22 abril 2013

Todos passam bem

Liguei a televisão. Lá estava ele. Repórter sério, microfone em punho e uma gravata que sufocava as palavras decoradas que fugiam de sua boca. Formal demais para uma cena tão trágica: estava em frente a um prédio de poucos andares que havia pegado fogo. No fundo, bombeiros se agitavam no mesmo ritmo que as sirenes. Um verdadeiro circo que eu assistia com um sorriso atilado no rosto e que não pretendia tirar. Mas tirei. Tirei quando o repórter, ao fim do seu discurso, largou aquelas três palavras: 'todos passam bem'.
Como assim?! Então quer dizer que todos, absolutamente todos, passam bem?!
Quanta mentira. De onde foi que você tirou essa informação, senhor repórter? Qual foi a estulta fonte que lhe repassou esse final feliz não planejado? Pois isso não é verdade. Saiba que nem todos passam bem! E se você quiser um exemplo, uma vítima a quem entrevistar, então tome a mim. Ande, anote aí no seu bloquinho que a vítima real deste incêndio fui eu!

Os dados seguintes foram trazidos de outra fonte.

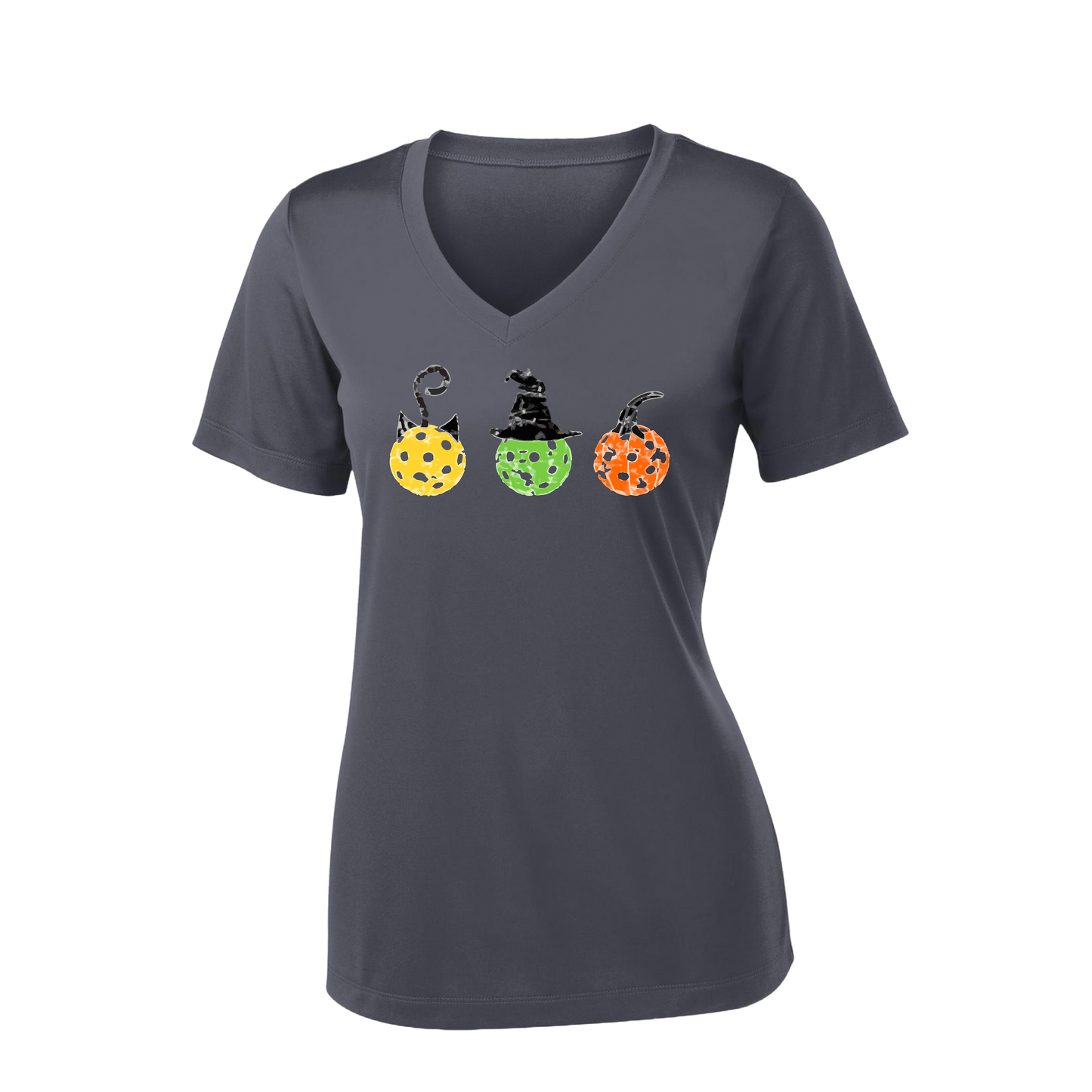 Cat Witch Pumpkin  | Women's Short Sleeve V-Neck Pickleball Shirts | 100% Polyester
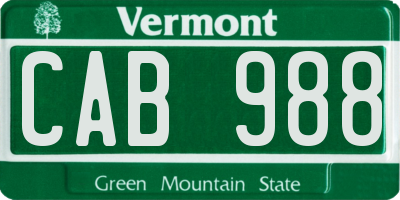 VT license plate CAB988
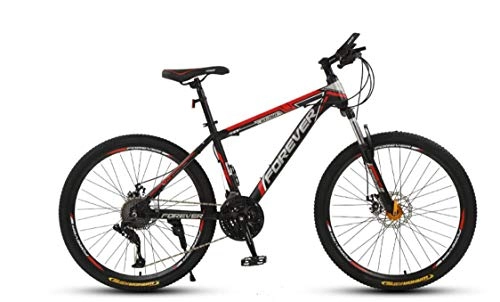 Bicicletas de montaña : KUYT 24 Pulgadas Adulto All Terrain Ultraligera Bicicleta de montaña Doble Freno de Disco Cuadro Acero de Alto Carbono Horquilla absorción de Impactos Entrenamiento de Resistencia, Rojo, Spoke Wheel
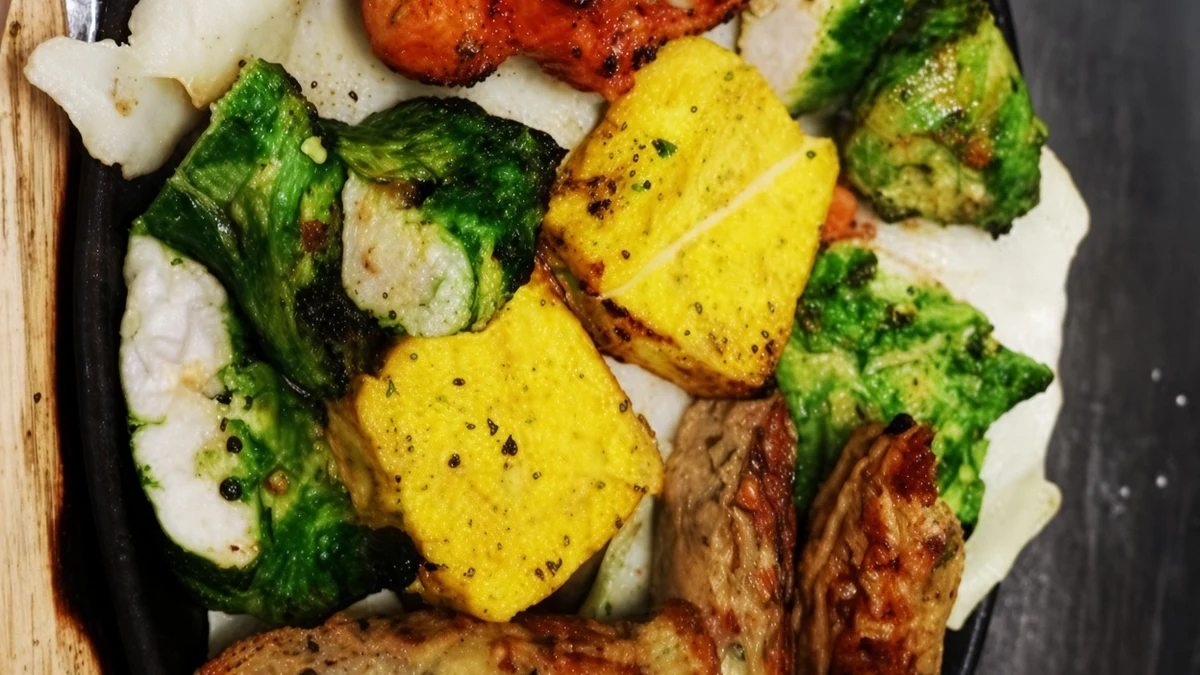 Darbar Grill assorted tandoori kababs with seekh kabab, chicken tikka and paneer tikka at Darbar Restaurant, Saskatoon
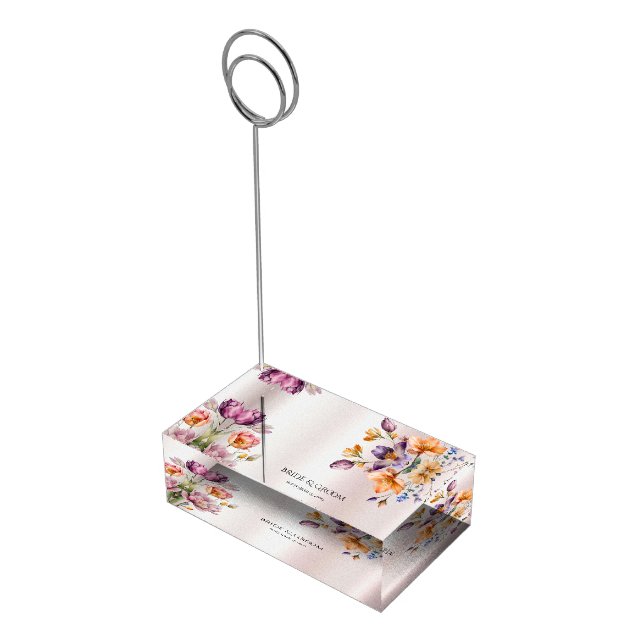 Colorful Spring Flowers Table Card Holder (Corner)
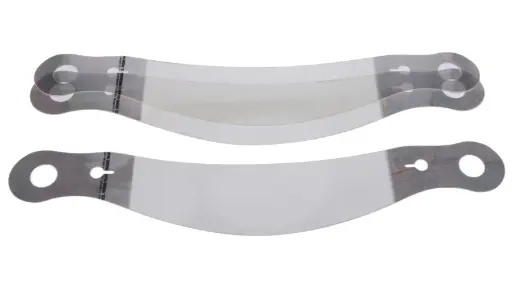 [RO 10208C] Helmet Shield Tear Off, Xstack 10, 2 mm 12-1/4'' Banana, Clear, Bell / G-Force / RJS / Zamp Helmets, Set of 30 RO 10208C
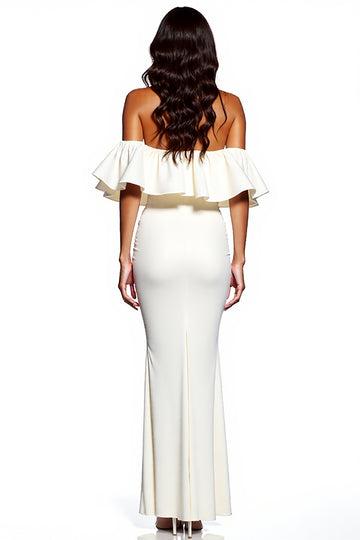 White Sheath Off The Shoulder Maxi Dress With Slit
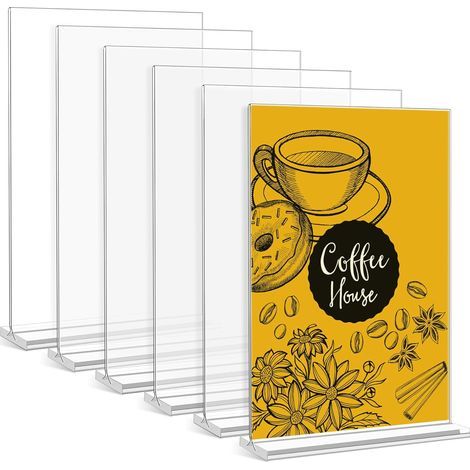 Lote de 6 soportes A4 en forma de T, doble cara, de acrílico transparente para menús, carteles, escritorio, tienda, restaurante y escuela, soporte vertical (1/5)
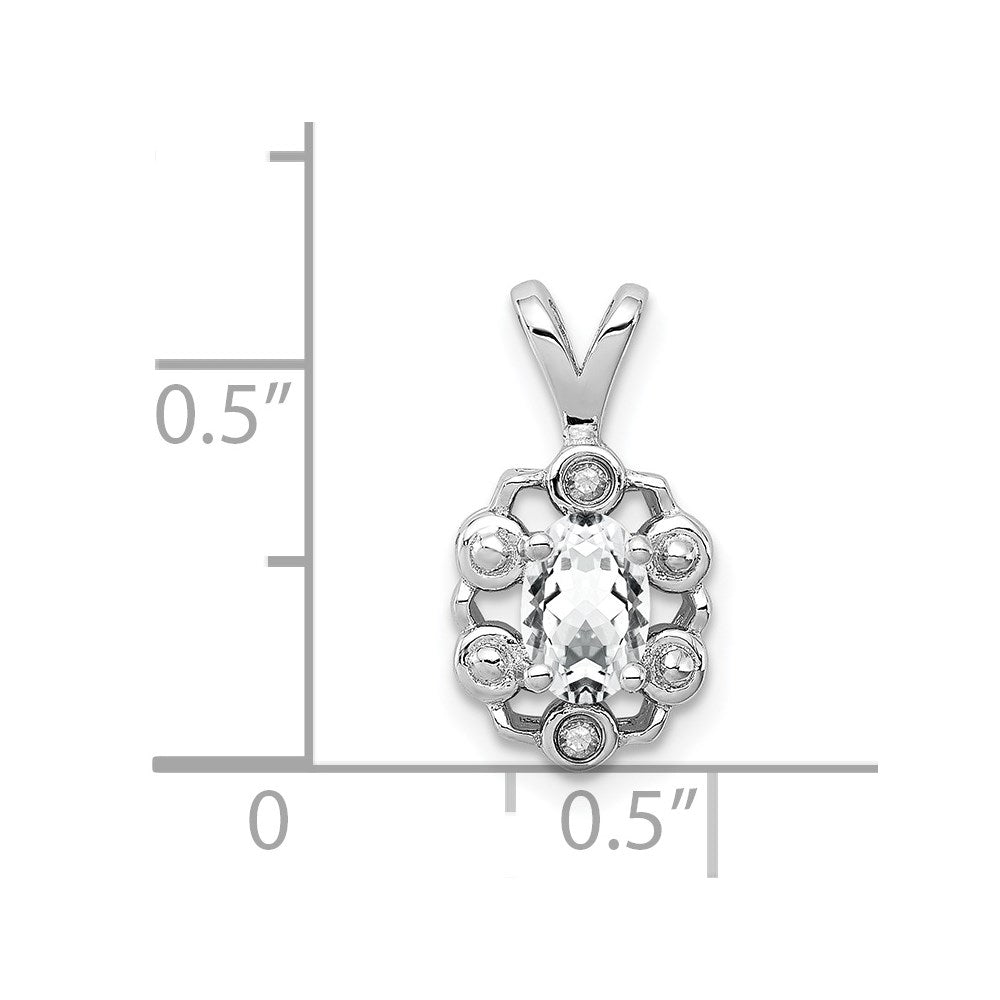 Sterling Silver Rhodium-plated White Topaz & Diamond Pendant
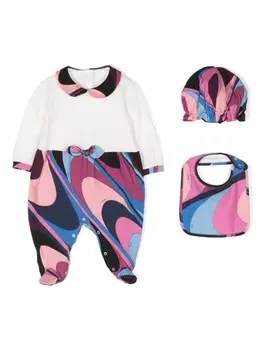 PUCCI Junior комплект из комбинезона, нагрудника и шапки с принтом, белый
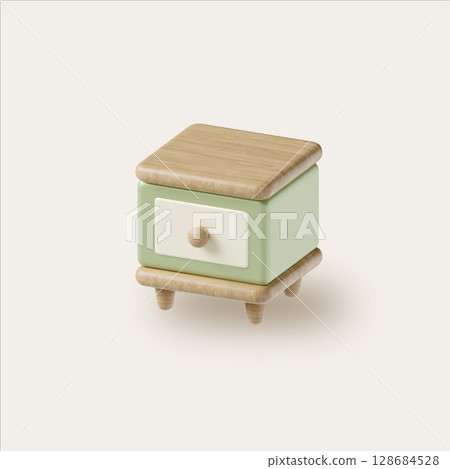 Bedroom minimalist nightstand design. 3D render illustration Bedroom minimalist nightstand design. 3D render illustration 128684528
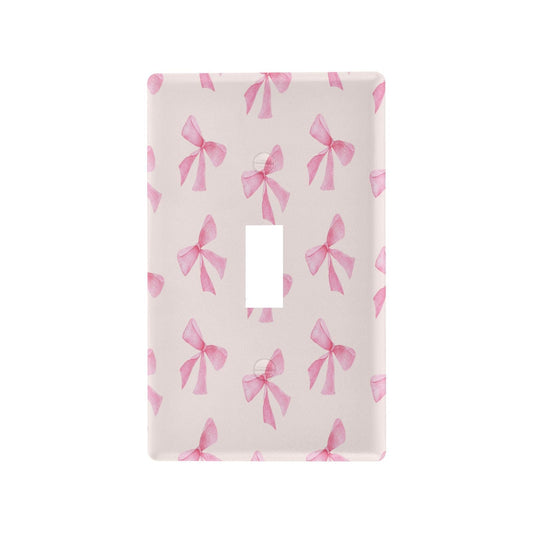 Blueangle Toggle Light Switch Wall Plate Cover - Pink Bow Light Switch Cover Decorative Outlet Cover Wall Plate, Size 1-Gang 4.53 x 2.76 Inch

Não, não. Eu não estava no apartamento que pegou fogo.
Mas eu também fui incendiado. Ofereceram-me uma faísca, e aí eu entrei em combustão. Ka-boom, explodi pelos ares. Isso tudo metaforicamente, é claro. Mas peguei fogo. No meio da crise, atirei frases de ciúme, tentei engolir o fato de que queriam tirar o que sempre foi meu - mas só queriam. Vasculhei fatos do passado e tentei aplicá-los no presente, e fiz isto sem saber que, enquanto a minha loucura crescia, menos ela fazia sentido.
Não, não. Eu não estava no apartamento que pegou fogo.
Eu sou só a vítima inicial disso tudo. Eu sou vítima do dono do apartamento, do terceiro elemento que quis estragar um romance a dois. Você não vê essas lágrimas? Eu de fato não estou passando bem! Espera, senhor repórter. Mas que história é essa? Como assim você não pode entrevistar alguém que não participou do incêndio? Mas eu participei, e participei muito!
Não, não. Eu não estava no apartamento que pegou fogo.
Na verdade eu espalhei o álcool e risquei o fósforo. Ateei fogo em tudo. Acabei com o que estava nos acabando. Pode anotar no seu bloquinho, senhor repórter. A informação é confiável.
O incendiário sou eu.
E é uma pena que todos estejam passando bem.